That Benoit Joke totally killed it for me.

only because it was a submission move.. and ive heard all the good Benoit jokes.


----------



## Soojooko (Jun 4, 2009)

Ahhh... more like it.:thumb02:

Thanks for helping turn the thread a bit more light hearted guys!


----------



## SpoKen (Apr 28, 2007)

I'm moving this to general, continue on.


----------



## ZENKI1 (Apr 19, 2009)

When I read the title .. I asked myself "Was it Charlie Z?"


----------



## GMK13 (Apr 20, 2009)

i cant imagine what move was used to send this man falling to his death.its sad for sure .


----------



## swpthleg (Dec 31, 2006)

ZENKI1 said:


> When I read the title .. I asked myself "Was it Charlie Z?"

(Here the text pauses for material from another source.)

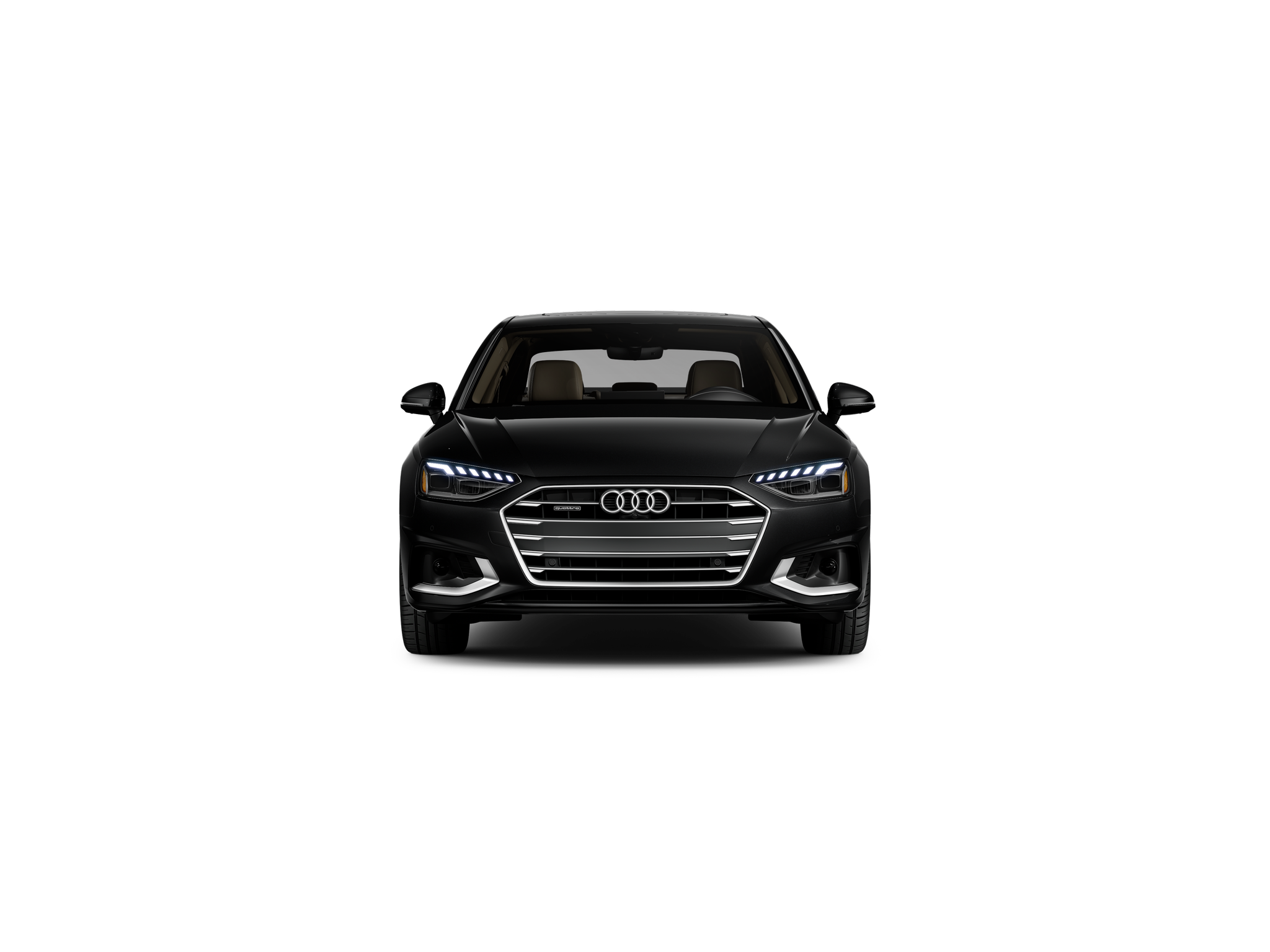 2023 Audi A4 Sedan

Oh man, I don't want to laugh in this thread, but that was f*cking funny.


----------



## hitcat (Sep 20, 2009)

*seriously*

I've been lurking a long time and finally had to post something.
he fell 20 FEET. Im 6 feet tall so he fell from roughly 3 times my height and died?
Seriously? I used tojump from 20 feetslides as a kid.
I dont see how that was no mention, its only twenty effin feet.


----------



## ZENKI1 (Apr 19, 2009)

hitcat said:


> I've been lurking a long time and finally had to post something.
> he fell 20 FEET. Im 6 feet tall so he fell from roughly 3 times my height and died?
> Seriously? I used tojump from 20 feetslides as a kid.
> I dont see how that was no mention, its only twenty effin feet.


yeah well thats far if ya land on ur head.


----------



## coldcall420 (Aug 2, 2007)

Exactly...that logic wasnt the greatest...people have fallen from lower than that and been killed......:confused05:

CC420


----------